Wie dynamische Stromtarife das Laden von Elektroautos revolutionieren – und was das für die Batterie bedeutet
Gaby WernerWie dynamische Stromtarife das Laden von Elektroautos revolutionieren – und was das für die Batterie bedeutet
Dynamische Stromtarife und neue Netzvorgaben verändern das Laden von Elektroautos in Deutschland
Seit Anfang 2024 können Netzbetreiber die Ladeleistung von Wallboxen in Spitzenlastzeiten auf 4,2 Kilowatt begrenzen. Gleichzeitig fördern schwankende Strompreise ein intelligenteres Ladeverhalten. Experten diskutieren nun, wie sich die Kostenvorteile mit möglichen Auswirkungen auf die Batteriegesundheit vereinbaren lassen.

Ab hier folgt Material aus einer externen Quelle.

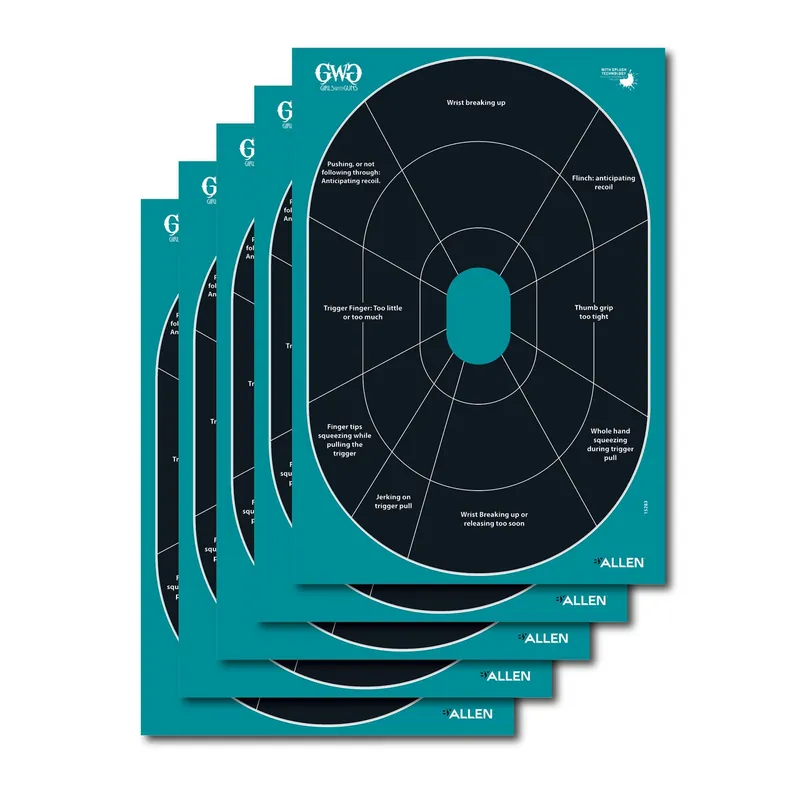 Allen Girls With Guns Splash Self-Adhesive Paper Black/Teal Oval 5 Pack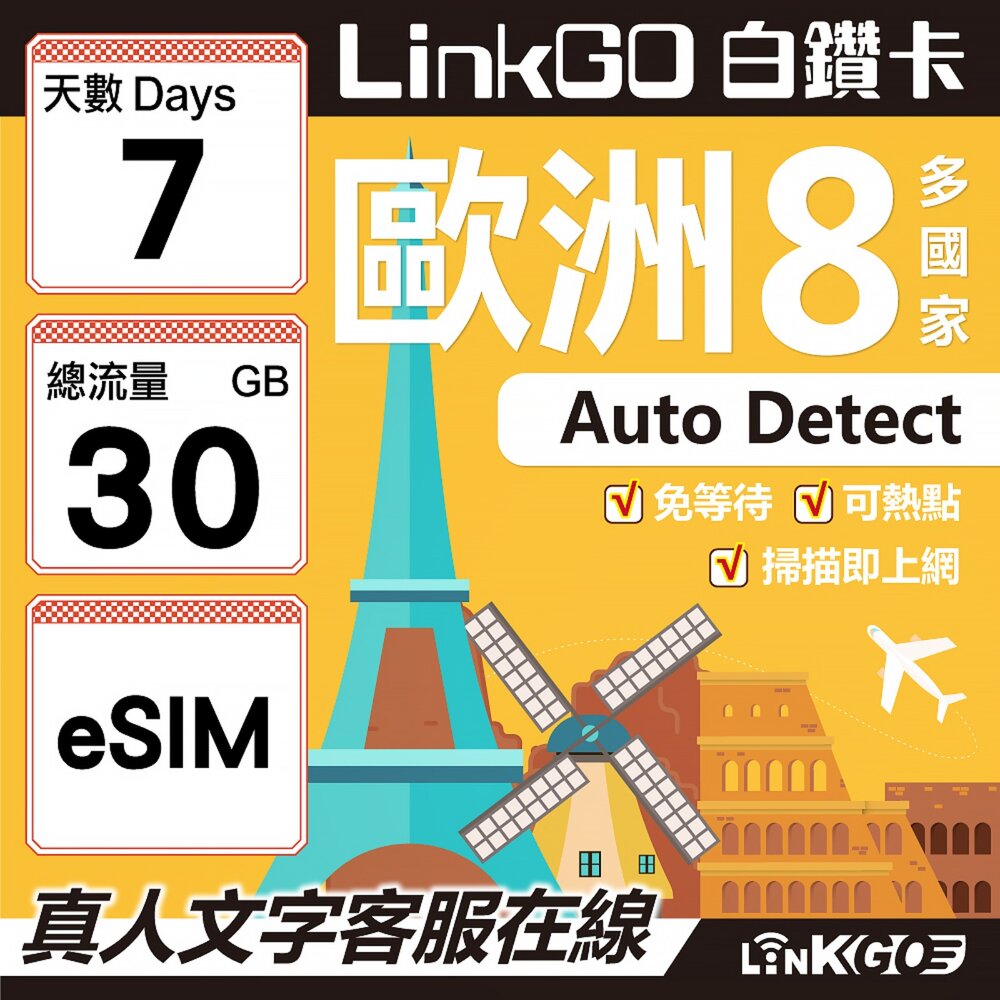 03490007-【LINKGO】白鑽卡 歐洲8國 eSIM卡 7天上網卡 總流量30GB (歐洲網卡 法國 瑞典  奧地利 英國)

Dank dynamischer Tarife können Fahrzeughalter ihr Auto dann laden, wenn der Strom am günstigsten ist – und so sparen. Energiemanagementsysteme unterstützen dies, indem sie den Ladevorgang automatisch an die Preissignale anpassen. Doch Robin Zalwert vom TÜV-Verband warnt: Häufiges Volladen könnte die Alterung der Batterie beschleunigen.
Häufige Unterbrechungen beim Laden stellen hingegen kaum ein Risiko für die Batterielebensdauer dar, erklärt Florian Ringbeck von der RWTH Aachen. Seine Forschung zeigt zudem, dass bidirektionales Laden – bei dem die Fahrzeugbatterie Strom ins Netz zurückspeist – der Batterie nicht direkt schadet. Allerdings erhöhen sich dadurch die Ladezyklen, was bei hohen Energiemengen den Verschleiß leicht beschleunigen könnte.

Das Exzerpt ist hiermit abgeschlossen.